BRIEF
Take the material below and extract the lines from the one with "Image immersive dépeignant" through the one with "Love Yourself Black", word for word, without pictures.

[TASK DATA — start]

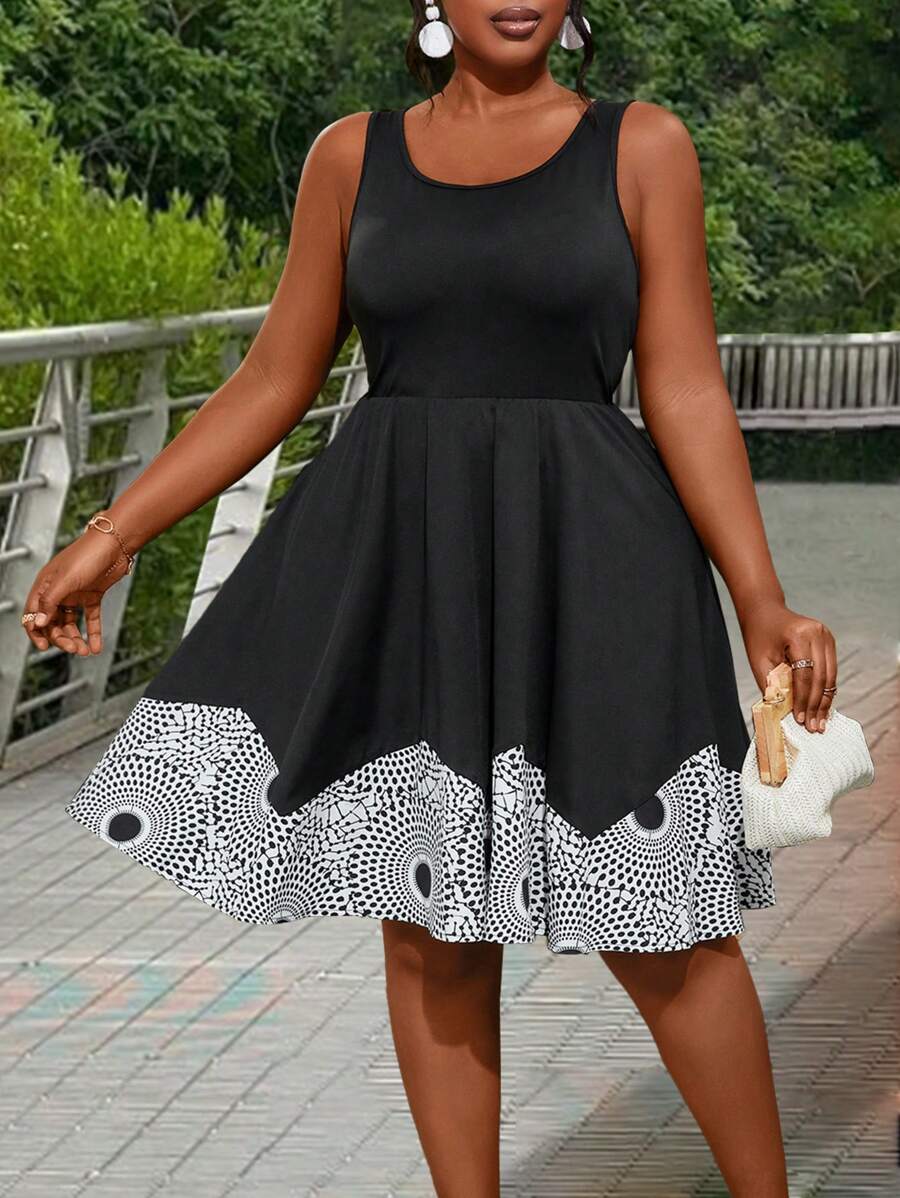 Maweii Plus Size Women Geometric Printed Sleeveless Casual Dress With Round Neckline, Summer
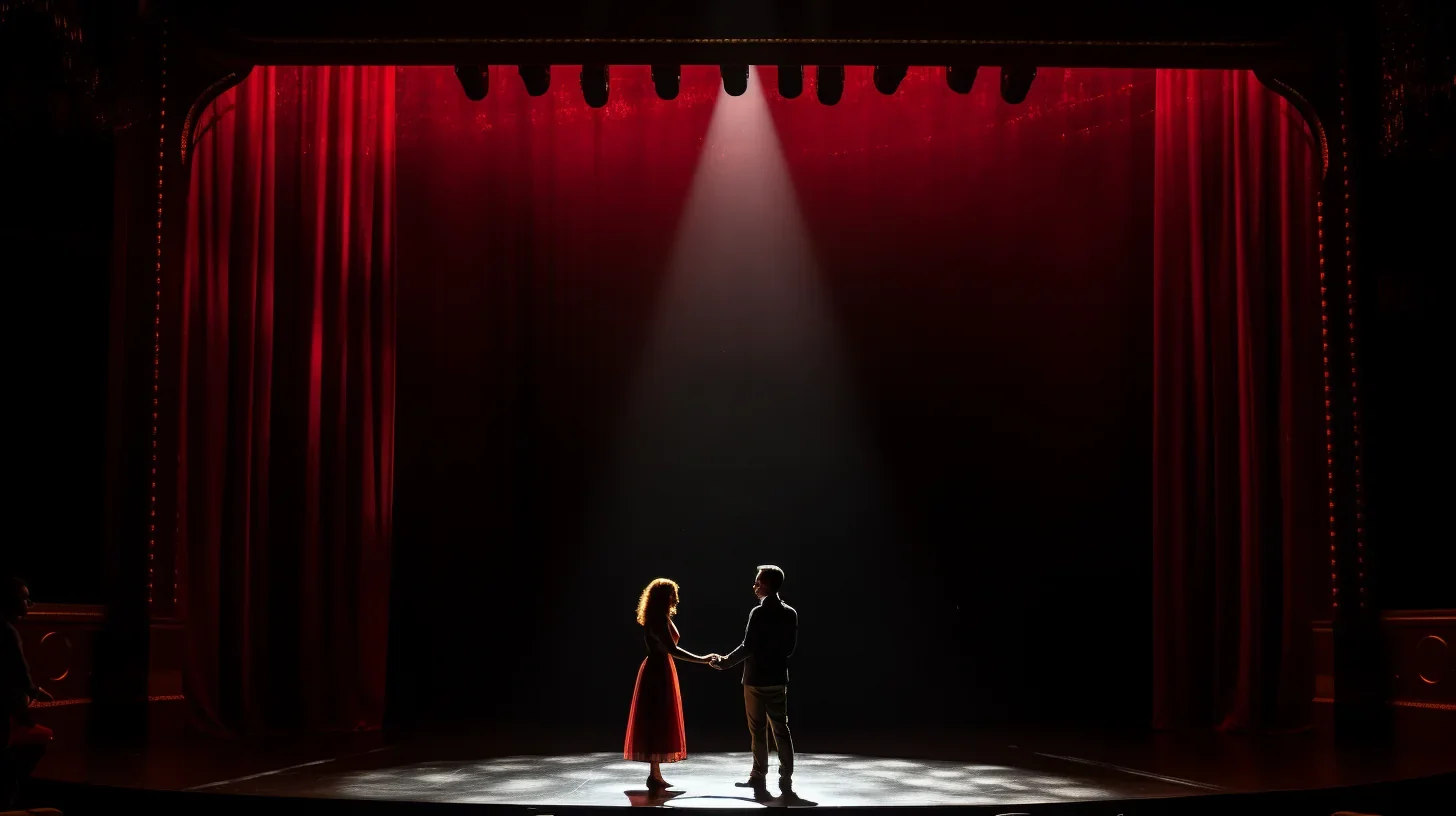 Image immersive dépeignant la naissance dynamique d'un spectacle en direct sur scène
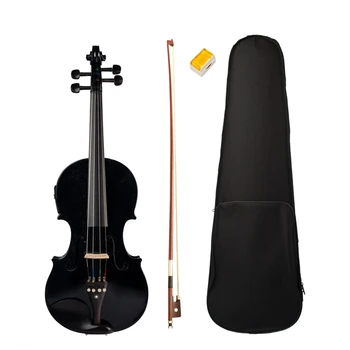 Нов 4/4 пълноразмерен цигулка цигулка звук и електрическа цигулка масивно дърво тяло абанос аксесоари високо качество черен електрически цигулка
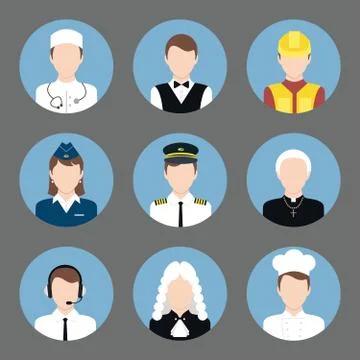 Professions avatar flat icons set Stockillustratie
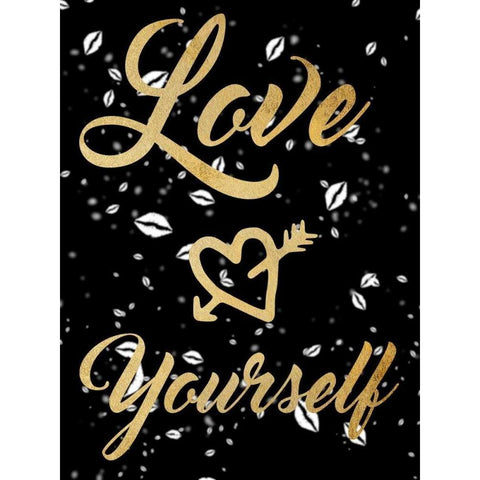 Love Yourself Black Modern Wood Framed Art Print by Prime, Marcus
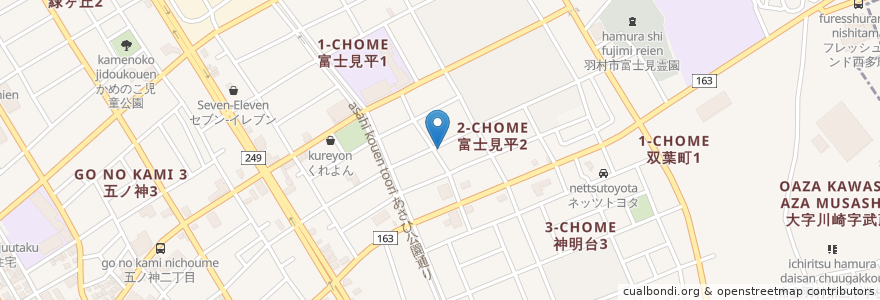 Mapa de ubicacion de あさひ公園通り歯科 en 日本, 東京都, 羽村市.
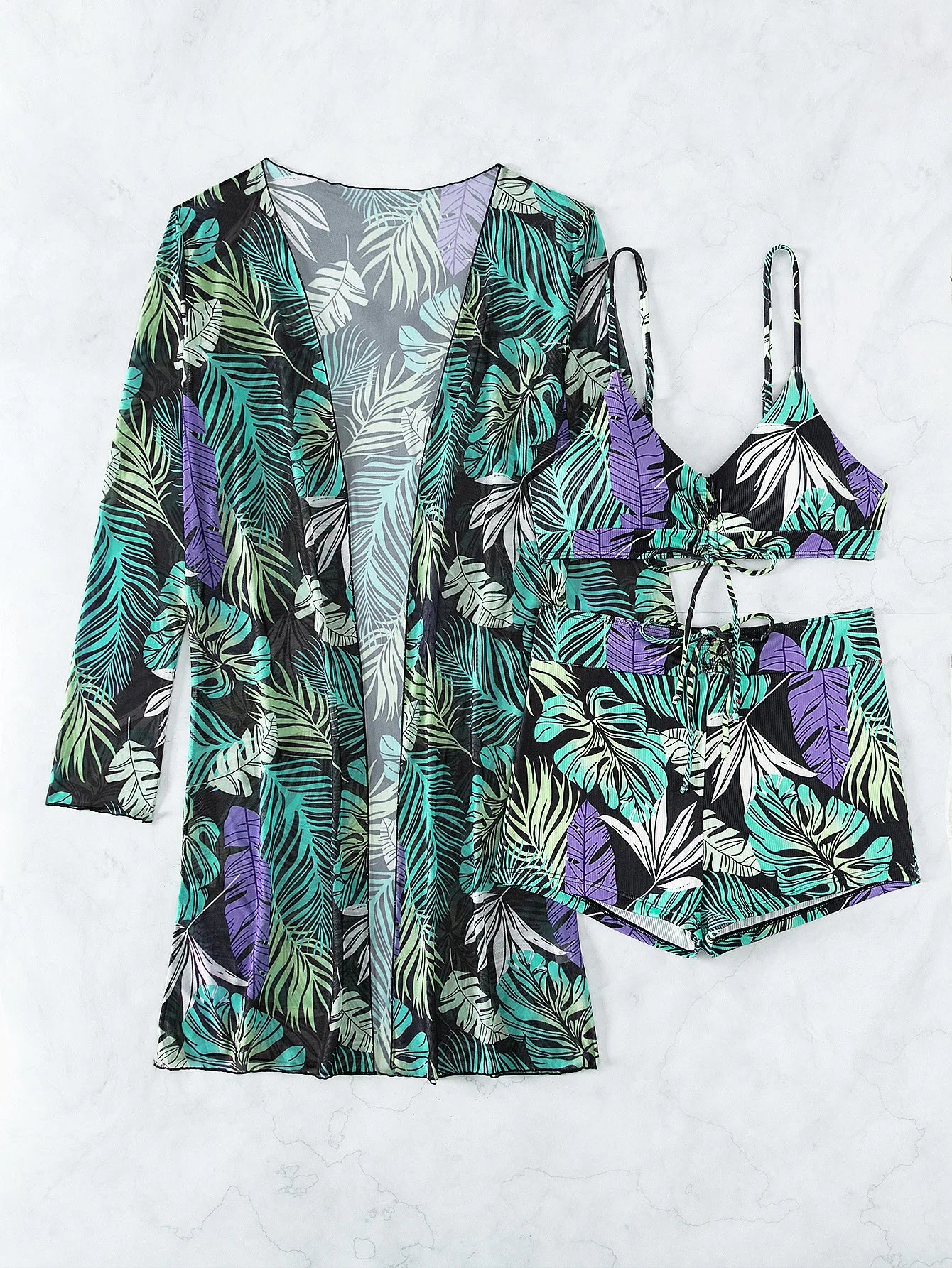 2025 New Women 3 Pieces Swimsuit Leaf Pattern Bikini Set+Long Sleeve Cover Up Tankini Beachwear Drawstring Swimwear Bathing Suit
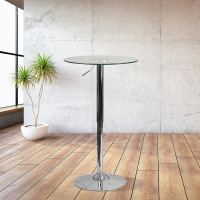 Flash Furniture CH-5-GG 23.5" Round Adjustable Height Glass Table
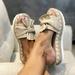 Azrian Women Bowknot Beach Summer Slippers Platform Slope Heels Plus Size Shoes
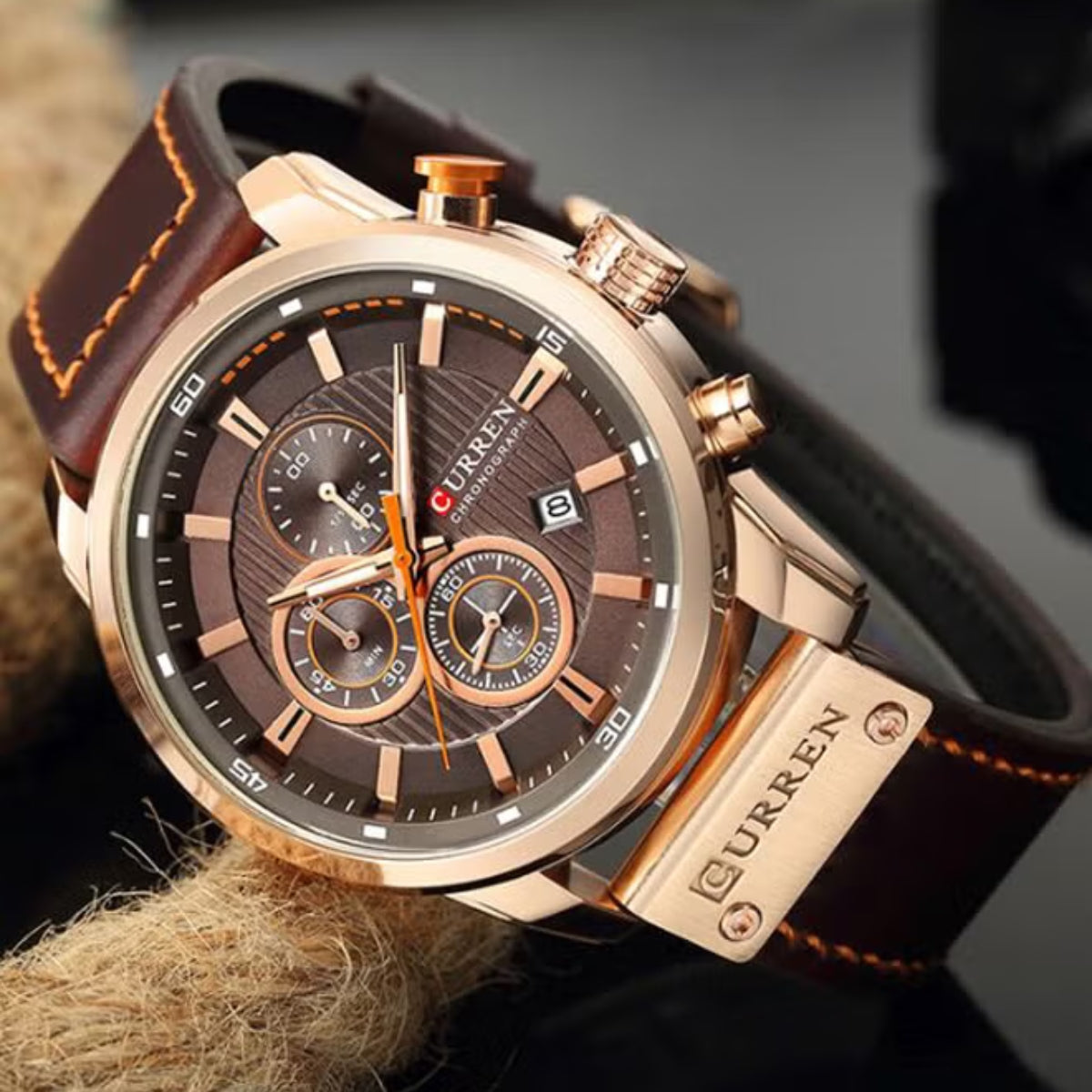 CURREN  8291 Watch for Men Japan Quartz Movement Leather Strap  Casual Sport Waterproof Brown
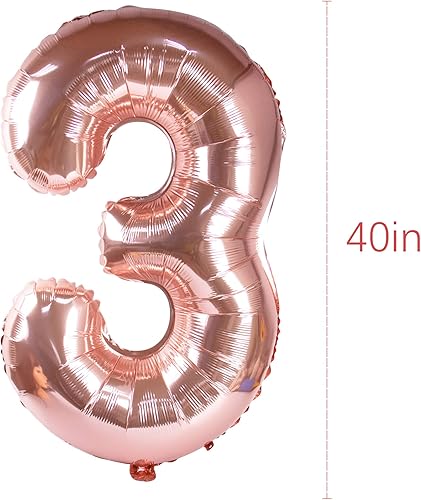 Miniatura 3 de AUEAR, Globos digitales gigantes de 40 pulgadas de oro rosa con números 23 de Mylar para decoración de cumpleaños de 23 años para niñas o niños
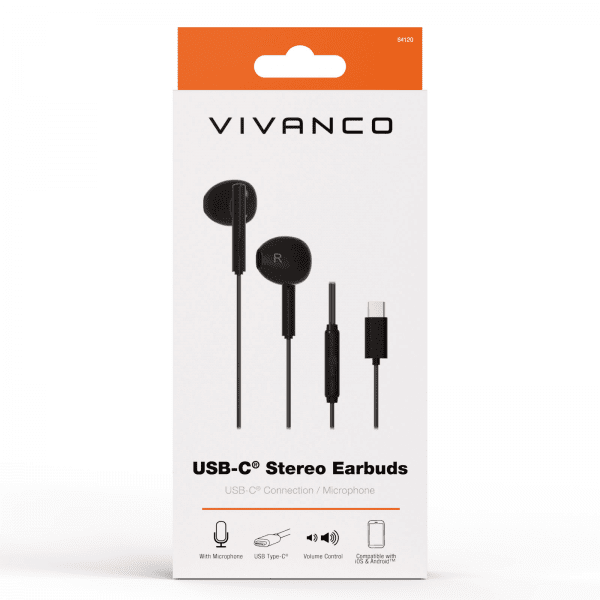 Vivanco Høretelefoner Smart Pro USB-C In-Ear Headset Sort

[TASK DATA — finish]

SOLUTION TO THE PROBLEM
 Image immersive dépeignant la naissance dynamique d'un spectacle en direct sur scène
 Нов 4/4 пълноразмерен цигулка цигулка звук и електрическа цигулка масивно дърво тяло абанос аксесоари високо качество черен електрически цигулка
 Professions avatar flat icons set Stockillustratie
 Love Yourself Black Modern Wood Framed Art Print by Prime, Marcus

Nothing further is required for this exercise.